The next round was two caerphillies - a Gorwydd Caerphilly and a pasteurised Caws Cenarth. I think the perry would also have worked here too or a dry cider but I went with two medium ciders I’d tasted: Copse House from Dorset (I think the Landshire medium) which was clear, fresh and appley (well, it would be, wouldn’t it?) and the slightly sweeter Blindfold from Blaengawney cider which I discovered is actually made in Caerphilly in South Wales. Both were 6%. Medium farmhouse ciders are generally quite a bit less sweet than ones made by larger, more commercial producers so neither was too cloying.

Cracker pairing: Bath Ovals (the FCC’s version of Bath Olivers)

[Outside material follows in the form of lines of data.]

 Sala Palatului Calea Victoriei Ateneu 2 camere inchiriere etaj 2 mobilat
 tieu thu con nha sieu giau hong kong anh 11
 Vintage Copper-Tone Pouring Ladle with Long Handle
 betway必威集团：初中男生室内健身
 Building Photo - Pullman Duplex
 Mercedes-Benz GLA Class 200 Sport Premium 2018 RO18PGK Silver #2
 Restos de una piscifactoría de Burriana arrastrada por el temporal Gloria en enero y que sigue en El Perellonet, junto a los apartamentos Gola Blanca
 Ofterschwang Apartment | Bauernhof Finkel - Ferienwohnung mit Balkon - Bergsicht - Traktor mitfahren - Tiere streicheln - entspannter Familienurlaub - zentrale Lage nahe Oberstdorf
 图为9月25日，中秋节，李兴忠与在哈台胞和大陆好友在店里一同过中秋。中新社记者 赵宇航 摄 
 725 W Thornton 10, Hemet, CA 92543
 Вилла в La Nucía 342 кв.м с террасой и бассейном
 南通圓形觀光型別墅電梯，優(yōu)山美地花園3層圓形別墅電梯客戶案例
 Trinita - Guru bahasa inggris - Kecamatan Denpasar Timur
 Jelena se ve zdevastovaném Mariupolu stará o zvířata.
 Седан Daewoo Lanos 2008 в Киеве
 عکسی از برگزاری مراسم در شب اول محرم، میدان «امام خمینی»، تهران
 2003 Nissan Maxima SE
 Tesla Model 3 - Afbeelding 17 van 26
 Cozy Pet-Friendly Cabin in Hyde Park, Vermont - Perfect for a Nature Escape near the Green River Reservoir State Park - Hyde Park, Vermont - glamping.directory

Medium dry to medium ciders with cheddar

Our two cheddars - a Montgomery and a pasteurised Fordham Farm - were both quite full-bodied so needed a slightly fuller, richer-tasting cider. I lined up another Welsh cider from Apple County in Monmouthshire - again, I’m not sure which one as it came from an unmarked container - and the slightly tarter Harry’s single varietal Dabinett which was particularly good with the Montgomery. (Again both come from the same county, Somerset, but at 4.5% the Harrys Dabinett was slightly lower in alcohol than the previous ciders).

Cracker pairing: Oatcakes

Medium sweet ciders with blue cheeses

Then finally two blues - a Cropwell Bishop Stilton and a Stichelton (effectively an unpasteurised Stilton) with I matched with two sweeter ciders to mimic the effect of a fortified wine: Hecks medium sweet Port wine of Glastonbury and Millwhite’s Rum Cask which, as the name suggests, is matured in rum casks. Both come from Somerset.

Cracker pairing: Cherry, almond and linseed toast

After the tasting we sat down to a cider and pie lunch - a Gorwydd caerphilly, potato and onion pie baked by Sam Leach of Birch - and drank Sam and Becky’s own homemade unpasteurised cider. And with the copious leftovers we cracked open a 2013 Dunkertons Organic Vintage cider (7.5%) which also matched it perfectly. Cider is a great pairing for traditional British cooked cheese dishes like pies and pasties (though not for a lasagne, I’d venture)

Matching artisan cheese is a tricky enterprise because every cheese is different and many ciders are too depending whether they’re bottled or in cask but I think if you stuck to these broad styles you should enjoy the results. The combination of perry and goats cheese and sweeter ciders with blue cheeses was particularly successful. With milder pasteurised cheeses you’ll find you don’t need such strong, characterful ciders.

Many thanks to Birch for hosting the event, The Fine Cheese Company for donating the cheese and crackers, and Bristol Cider shop for supplying the ciders. They won’t have all these in stock but have a regularly changing selection sourced from within a 50 mile radius of Bristol.